The U.K.’s Department for Environment & Rural Affairs (Defra) has decided to delay the implementation of restrictions on the use of solid urea fertilizer in the country until April 2023, at the earliest, due to the current uncertainty around fertilizer supply and the impacts this is having on prices.
In the meantime, Defra will continue to monitor effects on supply, prices, and food security, the government department said in a March 30 statement.
Defra had been looking at a potential total ban on the use of solid urea fertilizer in the U.K. as the preferred option among two others, amid concerns that ammonia emissions from solid urea fertilizer use are harmful to the environment and to human health.
But the department decided upon an alternative approach incorporating the two alternate options rather than a total ban. Once implemented, it will restrict the use of untreated or unprotected urea fertilizers from Jan. 15 to March 31 each year, with the use of urease inhibitor-treated (a chemical that helps to slow the conversion of urea to ammonium) or protected urea fertilizers throughout the rest of the year.

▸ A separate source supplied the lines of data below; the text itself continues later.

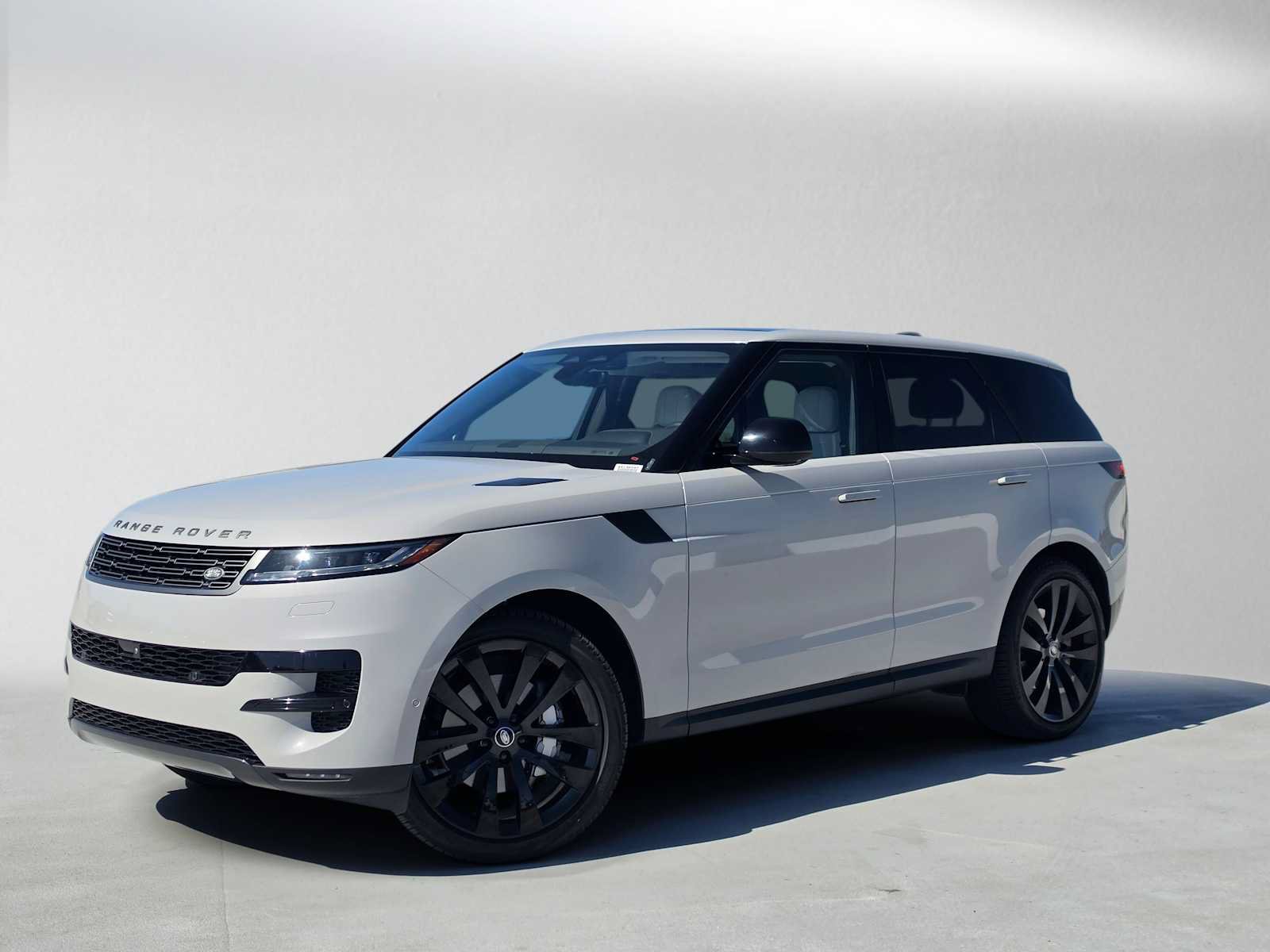 Used 2024 Land Rover Range Rover Sport SE AWD/4WD image 1
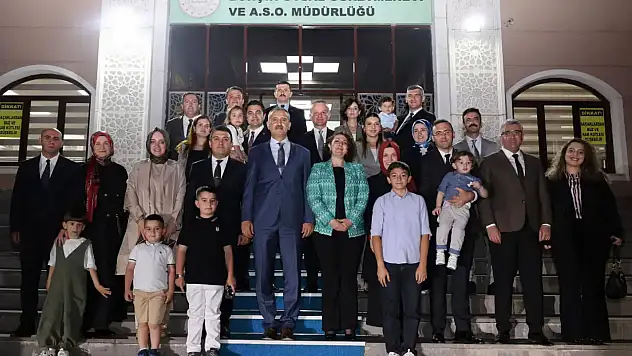 Ağrı'da vali yardımcıları ve Doğubayazıt Kaymakamı için veda programı düzenlendi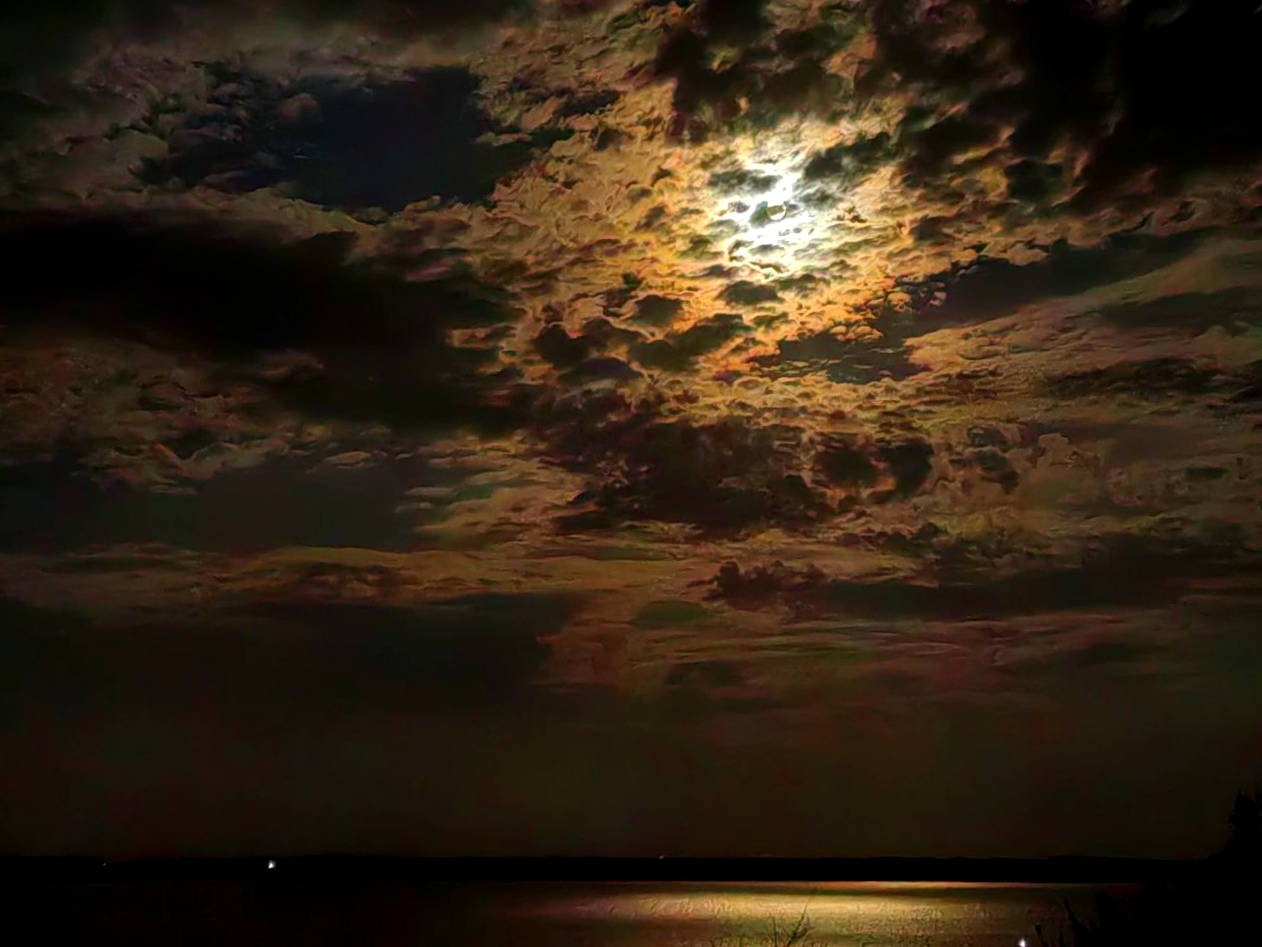 Der Mond in den Wolken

Defra launched its original consultation in November 2020 (GM Nov. 6, 2020). The government department had argued that a ban on solid urea fertilizers would achieve around 31 percent of the ammonia reduction target by 2030.
The U.K. government committed itself to reducing ammonia emissions by 8 percent of 2005 levels by 2020, with a 16 percent reduction targeted by 2030.

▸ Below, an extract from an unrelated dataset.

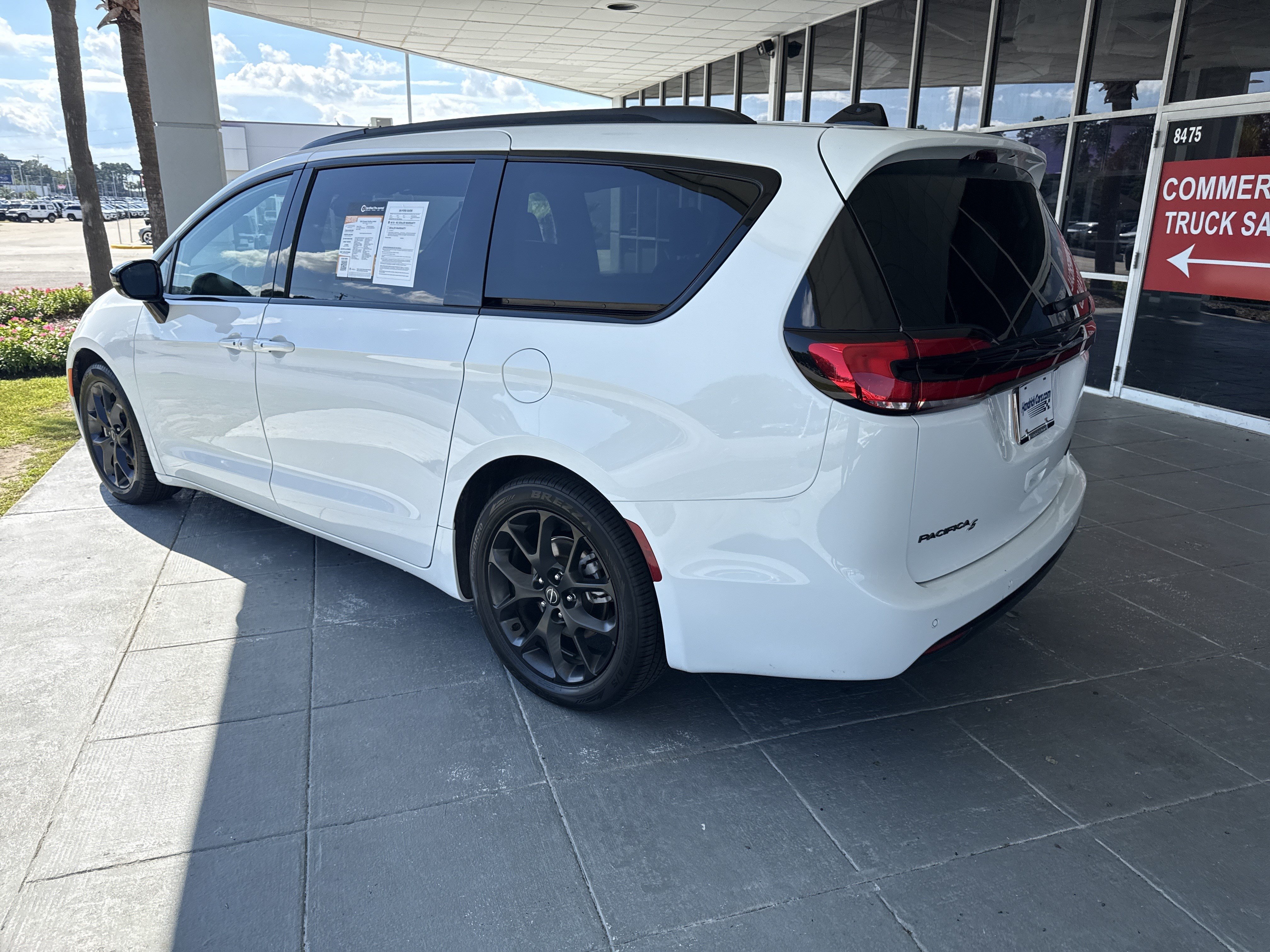 Used 2025 Chrysler Pacifica Limited FWD image 7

The country’s Agricultural Industries Confederation (AIC), a trade association representing the agricultural supply chain sectors of arable marketing, crop protection and agronomy, feed, fertilizer, and seeds, had argued that a total ban on the sale and use of solid urea fertilizer was unwarranted (GM Feb. 12, 2021).
The U.K’s National Farmers Union (NFU) also had urged Defra to adopt an “industry-regulated approach” to solid urea fertilizer rather than a total ban, which it had said would have a “huge impact” on farmers’ ability to produce food (GM Jan. 29, 2021).
The country has no domestic urea production, and imports all its urea requirements. It imported 715,166 mt in 2021, down from 873,192 the previous year, according to Trade Data Monitor.